(Martha Medeiros)
Eu queria que a vida fosse dividida em quatro
estágios, mas que não acabasse nunca
A infância é como a primavera. É pura novidade e
um calor que não sufoca nem faz pensar bobagens. Tem uma inocência quase
cafona, uma singeleza clássica, e traz no íntimo a certeza de que pela frente
vem coisa boa. A gente quer que passe logo, mas sabe que nunca mais será tão
protegido, a mordomia não será eterna. É quando as coisas acontecem pela
primeira vez, é quando num arbusto verde vemos surgir alguns vermelhos, é
surpresa, a primeira de uma série.
A adolescência é como o verão. Quente,
petulante, libidinosa.
Parece que não vai haver tempo para fazer tudo o
que se quer e o que se teme. É musical e fotogênica. Dúvidas, dúvidas, dúvidas
em frente ao mar. Mergulha-se no profundo e no raso. Pouca roupa, pouca
bagagem. Curiosidade. Vontade que dure para sempre, certeza de que passa.
Noção do corpo. Festas e religião. Amor e fé.
A maturidade é como o outono. Um longo e
instável outono,
que alterna dias quentes e frios, que nos
emociona e nos gripa. Há mais beleza e o ar é mais seco, porém é quando se
colhem os melhores abraços. Ficar sozinho passa a não ser tão aterrorizante.
Fugimos para a praia, fugimos para a serra, as idéias aprendem a se movimentar,
a fazer a mala rápido, a trocar de rota se o desejo se impuser, e não é preciso
consultar o pai e a mãe antes de errar. É o outono que tentamos conservar.
O inverno é como a velhice. Tem sua beleza
igualmente, exige lã, bolsa de água quente, termômetro e uma janela bem vedada.
O que não queremos que entre? Maus presságios. O inverno é frio como despedida
de um grande amor, mas sabemos que tudo voltará a ser ameno. Queremos que
passe, temos medo que termine. Ficar sozinho volta a ser aterrorizante. O
inverno é branco, é cinza, é prata. É grisalho.

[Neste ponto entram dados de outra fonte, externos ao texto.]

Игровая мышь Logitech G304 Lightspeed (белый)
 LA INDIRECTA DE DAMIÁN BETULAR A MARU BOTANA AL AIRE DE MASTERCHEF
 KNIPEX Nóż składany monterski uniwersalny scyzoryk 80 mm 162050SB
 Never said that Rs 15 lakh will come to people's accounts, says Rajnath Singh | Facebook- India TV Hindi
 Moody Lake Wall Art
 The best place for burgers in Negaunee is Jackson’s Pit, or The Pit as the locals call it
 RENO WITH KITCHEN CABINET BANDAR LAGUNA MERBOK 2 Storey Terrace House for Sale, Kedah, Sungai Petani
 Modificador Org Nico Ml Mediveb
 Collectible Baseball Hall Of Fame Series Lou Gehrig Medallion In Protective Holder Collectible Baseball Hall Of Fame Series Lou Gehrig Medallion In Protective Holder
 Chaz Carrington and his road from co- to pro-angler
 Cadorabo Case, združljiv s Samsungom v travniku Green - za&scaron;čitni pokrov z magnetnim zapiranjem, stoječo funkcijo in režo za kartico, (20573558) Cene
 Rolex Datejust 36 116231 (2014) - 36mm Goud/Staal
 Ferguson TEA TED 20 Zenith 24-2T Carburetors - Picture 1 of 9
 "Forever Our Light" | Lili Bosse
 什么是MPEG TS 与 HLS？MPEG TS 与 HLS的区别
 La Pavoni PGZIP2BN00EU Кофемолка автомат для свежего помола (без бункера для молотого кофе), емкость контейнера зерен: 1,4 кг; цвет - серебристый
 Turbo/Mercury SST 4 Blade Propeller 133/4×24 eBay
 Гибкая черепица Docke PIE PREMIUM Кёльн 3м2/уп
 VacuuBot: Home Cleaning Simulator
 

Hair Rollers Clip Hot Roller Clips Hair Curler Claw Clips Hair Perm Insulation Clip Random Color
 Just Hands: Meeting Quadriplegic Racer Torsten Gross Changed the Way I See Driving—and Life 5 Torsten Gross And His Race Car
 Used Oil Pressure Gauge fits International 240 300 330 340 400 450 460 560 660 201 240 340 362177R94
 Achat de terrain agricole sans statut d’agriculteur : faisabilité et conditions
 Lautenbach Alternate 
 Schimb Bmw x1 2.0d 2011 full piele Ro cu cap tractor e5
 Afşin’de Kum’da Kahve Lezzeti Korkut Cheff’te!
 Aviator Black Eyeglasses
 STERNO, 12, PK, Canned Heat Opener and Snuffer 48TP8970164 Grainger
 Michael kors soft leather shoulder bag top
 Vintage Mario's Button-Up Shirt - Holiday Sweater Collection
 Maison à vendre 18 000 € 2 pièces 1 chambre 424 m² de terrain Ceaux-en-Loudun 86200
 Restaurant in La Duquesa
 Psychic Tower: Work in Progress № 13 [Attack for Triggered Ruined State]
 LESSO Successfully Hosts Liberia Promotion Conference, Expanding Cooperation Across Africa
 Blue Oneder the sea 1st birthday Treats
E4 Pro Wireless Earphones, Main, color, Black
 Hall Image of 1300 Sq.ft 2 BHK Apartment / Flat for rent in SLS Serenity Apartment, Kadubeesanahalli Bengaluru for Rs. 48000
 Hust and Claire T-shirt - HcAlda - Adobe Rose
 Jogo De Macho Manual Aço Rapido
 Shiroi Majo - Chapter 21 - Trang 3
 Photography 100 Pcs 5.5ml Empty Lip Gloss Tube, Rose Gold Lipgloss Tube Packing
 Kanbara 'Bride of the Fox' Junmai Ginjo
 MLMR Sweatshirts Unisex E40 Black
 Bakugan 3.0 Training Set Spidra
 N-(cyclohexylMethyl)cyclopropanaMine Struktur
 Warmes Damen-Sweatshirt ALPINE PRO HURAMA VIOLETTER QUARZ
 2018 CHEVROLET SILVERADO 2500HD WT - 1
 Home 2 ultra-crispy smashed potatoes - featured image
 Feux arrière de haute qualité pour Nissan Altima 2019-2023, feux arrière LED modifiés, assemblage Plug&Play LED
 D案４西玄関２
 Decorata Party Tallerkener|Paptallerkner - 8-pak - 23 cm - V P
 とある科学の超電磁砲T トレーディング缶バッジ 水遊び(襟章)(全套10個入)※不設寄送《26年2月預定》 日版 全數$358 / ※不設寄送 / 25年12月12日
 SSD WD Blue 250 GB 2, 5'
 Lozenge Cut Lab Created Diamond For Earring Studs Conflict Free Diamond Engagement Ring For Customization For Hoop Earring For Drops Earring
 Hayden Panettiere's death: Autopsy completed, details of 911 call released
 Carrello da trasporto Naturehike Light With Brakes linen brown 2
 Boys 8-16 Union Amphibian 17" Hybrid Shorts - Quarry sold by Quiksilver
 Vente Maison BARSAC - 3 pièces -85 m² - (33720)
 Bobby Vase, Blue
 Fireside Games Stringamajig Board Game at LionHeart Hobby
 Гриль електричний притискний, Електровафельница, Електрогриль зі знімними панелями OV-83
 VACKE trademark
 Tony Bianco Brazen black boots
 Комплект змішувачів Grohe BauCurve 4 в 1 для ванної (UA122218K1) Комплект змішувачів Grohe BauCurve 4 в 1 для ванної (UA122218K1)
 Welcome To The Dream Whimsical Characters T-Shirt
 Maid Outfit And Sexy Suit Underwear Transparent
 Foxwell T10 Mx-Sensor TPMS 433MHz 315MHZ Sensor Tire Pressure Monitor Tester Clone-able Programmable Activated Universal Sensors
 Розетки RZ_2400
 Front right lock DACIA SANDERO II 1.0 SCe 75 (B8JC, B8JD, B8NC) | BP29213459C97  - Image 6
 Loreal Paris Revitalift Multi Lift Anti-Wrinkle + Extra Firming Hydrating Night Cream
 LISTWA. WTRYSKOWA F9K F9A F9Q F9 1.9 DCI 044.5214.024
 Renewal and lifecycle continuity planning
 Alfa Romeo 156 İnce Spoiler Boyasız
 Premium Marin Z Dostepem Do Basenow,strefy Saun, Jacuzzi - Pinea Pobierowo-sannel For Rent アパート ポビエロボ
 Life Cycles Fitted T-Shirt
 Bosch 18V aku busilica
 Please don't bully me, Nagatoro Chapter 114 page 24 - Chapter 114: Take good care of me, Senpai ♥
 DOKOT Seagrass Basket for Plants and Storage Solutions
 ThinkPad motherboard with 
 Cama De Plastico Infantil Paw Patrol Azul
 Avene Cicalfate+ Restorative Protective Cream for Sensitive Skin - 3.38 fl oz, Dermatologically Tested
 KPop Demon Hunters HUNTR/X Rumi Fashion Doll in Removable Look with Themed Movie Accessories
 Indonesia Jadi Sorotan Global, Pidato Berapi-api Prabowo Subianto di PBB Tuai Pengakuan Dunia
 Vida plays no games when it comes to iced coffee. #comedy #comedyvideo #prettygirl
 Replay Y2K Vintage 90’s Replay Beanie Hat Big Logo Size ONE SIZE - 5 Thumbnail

E, de repente, também passa.
Eu queria que tudo fosse verdade, que a vida
fosse assim dividida em quatro estágios que mais parecem estações do ano, mas
que não acabasse, que depois do inverno viesse outra primavera, e outro verão,
e outro outono, que nunca são iguais, mas sempre se repetem, sempre voltam, são
tão certos quanto o sol e a lua, todo dia, toda noite. Eu queria.